Data for this task ▸
====
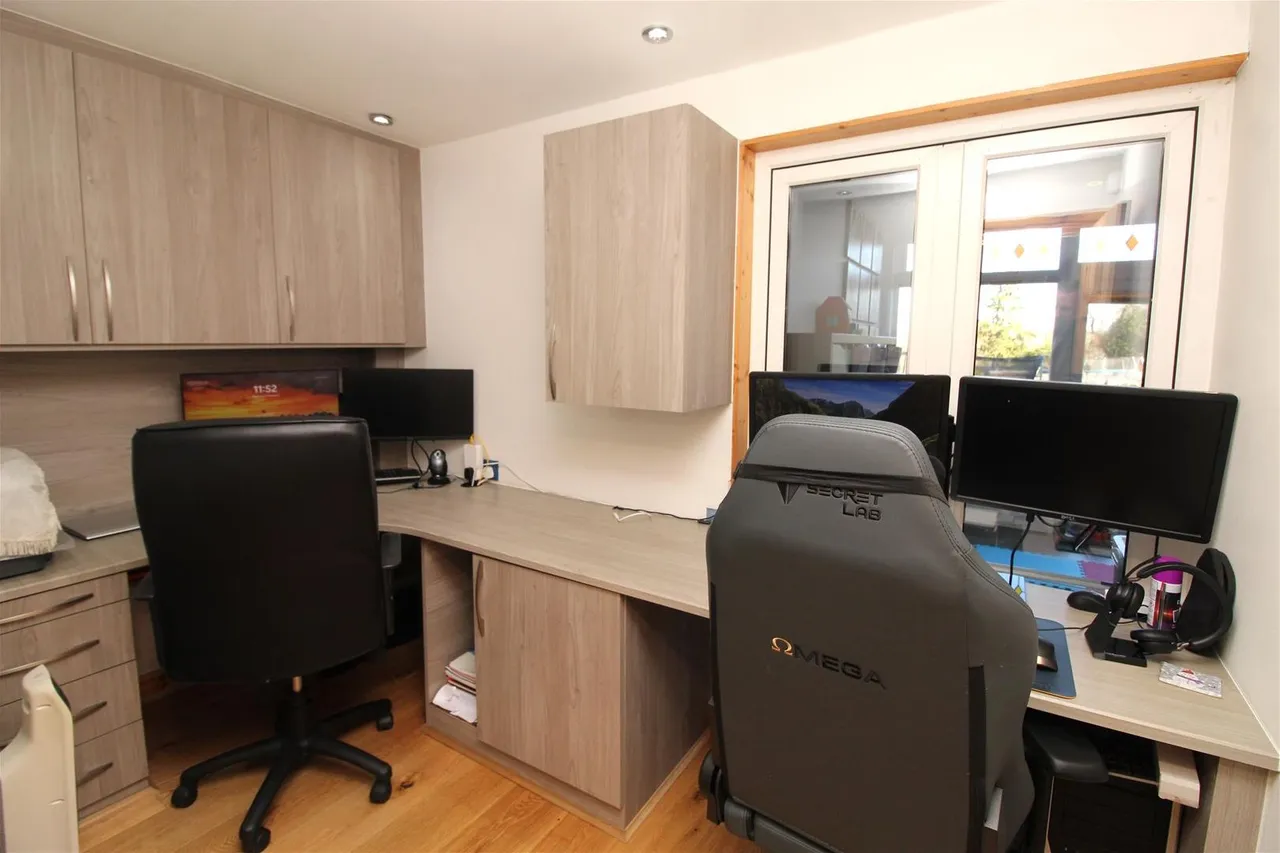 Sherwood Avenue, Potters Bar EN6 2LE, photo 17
====
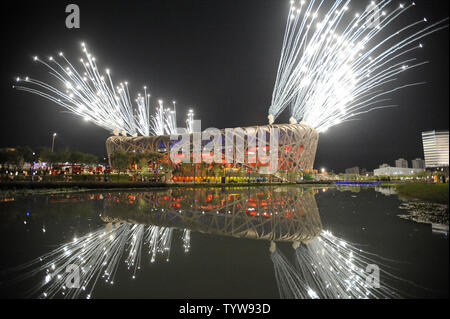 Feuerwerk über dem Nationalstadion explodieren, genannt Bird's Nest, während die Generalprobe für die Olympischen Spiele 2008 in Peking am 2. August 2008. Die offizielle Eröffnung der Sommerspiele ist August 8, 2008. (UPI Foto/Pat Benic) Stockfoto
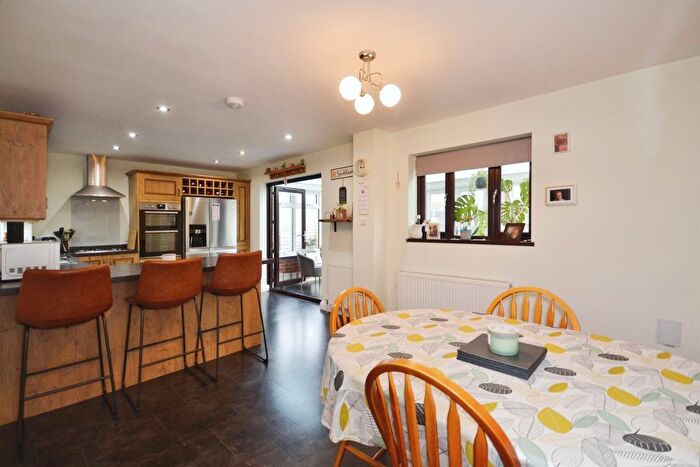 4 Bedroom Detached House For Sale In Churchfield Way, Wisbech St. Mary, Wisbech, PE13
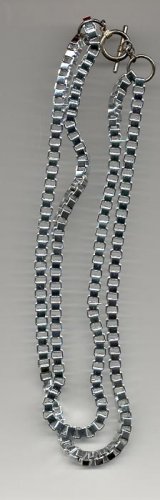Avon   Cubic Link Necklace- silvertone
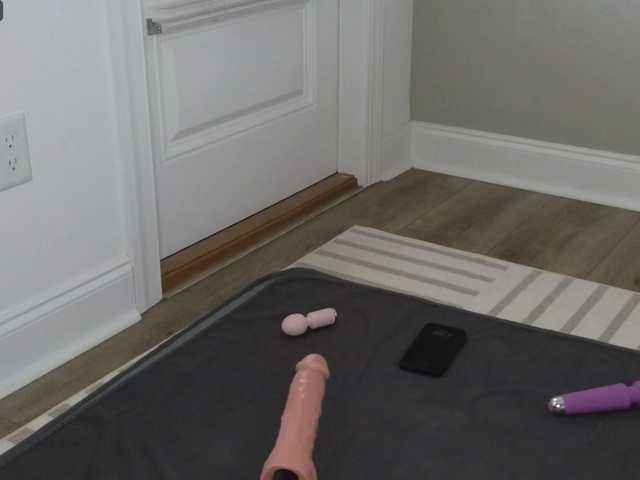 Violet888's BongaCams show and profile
====
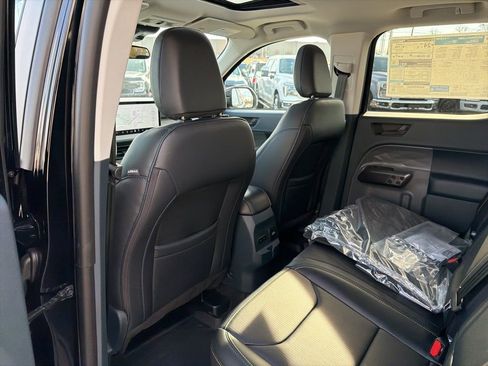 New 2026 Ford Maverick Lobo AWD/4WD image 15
====
Your task ▸ Look above for the line containing "Link Necklace- silvertone" and the line containing "Violet888's BongaCams show and profile", then reproduce both and everything between them exactly, pictures omitted.

Solution ▸
Avon   Cubic Link Necklace- silvertone
 Violet888's BongaCams show and profile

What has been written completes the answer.